Schemagen will attempt to ensure that all generated code will compile as legal Java. Occasionally, this means that identifiers from input documents, which are legal components of RDF URI identifiers, have to be modified to be legal Java identifiers. Specifically, any character in an identifier name that is not a legal Java identifier character will be replaced with the character ‘_’ (underscore). Thus the name ‘trading-price’ might become 'trading_price’. In addition, Java requires that identifiers be distinct. If a name clash is detected (for example, trading-price and trading+price both map to the same Java identifier), schemagen will add disambiguators to the second and subsequent uses. These will be based on the role of the identifier; for example property names are disambiguated by appending _PROPn for increasing values of n. In a well-written ontology, identifiers are typically made distinct for clarity and ease-of-use by the ontology users, so the use of the disambiguation tactic is rare. Indeed, it may be taken as a hint that refactoring the ontology itself is desirable.

Specifying the configuration file

Command line -c <*config-file-path*>
-c <*config-file-URL*>
Config file n/a

The default configuration file name is schemagen.rdf in the current directory. To specify a different configuration file, either as a file name on the local file system, or as a URL (e.g. an http: address), the config file location is passed with the -c option. If no -c option is given, and there is no configuration file in the current directory, schemagen will continue and use default values (plus the other command line options) to configure the tool. If a file name or URL is given with -c, and that file cannot be located, schemagen will stop with an error.

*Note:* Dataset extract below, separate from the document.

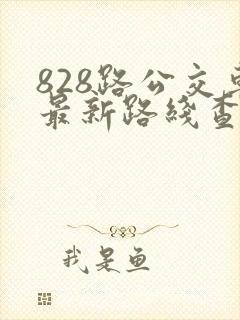 828路公交车最新路线查询表 828路公交车最新路线查询表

Schemagen will assume the language encoding of the configuration file is implied by the filename/URL suffix: “.n3” means N3, “.nt” means NTRIPLES, “.rdf” and “.owl” mean “RDF/XML”. By default it assumes RDF/XML.

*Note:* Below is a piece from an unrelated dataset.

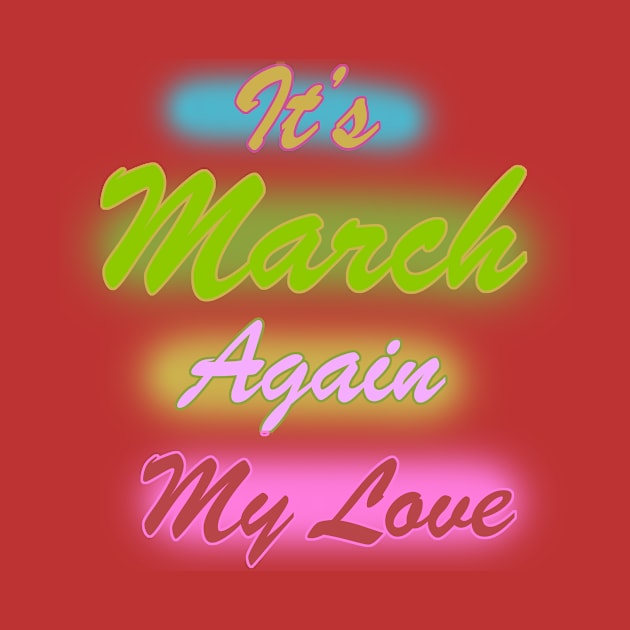 It's March again my love by PharaohCloset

Specifying the configuration root in the configuration file

Command line -r <*config-root-URI*>
Config file n/a

It is possible to have more than one set of configuration options in one configuration file. If there is only one set of configuration options, schemagen will locate the root by searching for a resource of rdf:type sgen:Config. If there is more than one, and no root is specified on the command line, it is not specified which set of configuration options will be used. The root URI given as a command line option must match exactly with the URI given in the configuration file. For example:

Java jena.schemagen -c config/localconf.rdf -r http://example.org/sg#project1

matches:

...
 <sgen:Config rdf:about="http://example.org/SG#project1">
   ....
 </sgen:Config>

Specifying the input document

Command line -i <*input-file-path*>
-i <*input-URL*>
Config file <sgen:input rdf:resource="*inputURL*" />

The only mandatory argument to schemagen is the input document to process. This can be specified in the configuration file, though this does, of course, mean that the same configuration cannot be applied to multiple different input files for consistency. However, by specifying the input document in the default configuration file, schemagen can easily be invoked with the minimum of command line typing. For other means of automating schemagen, see using schemagen with Ant.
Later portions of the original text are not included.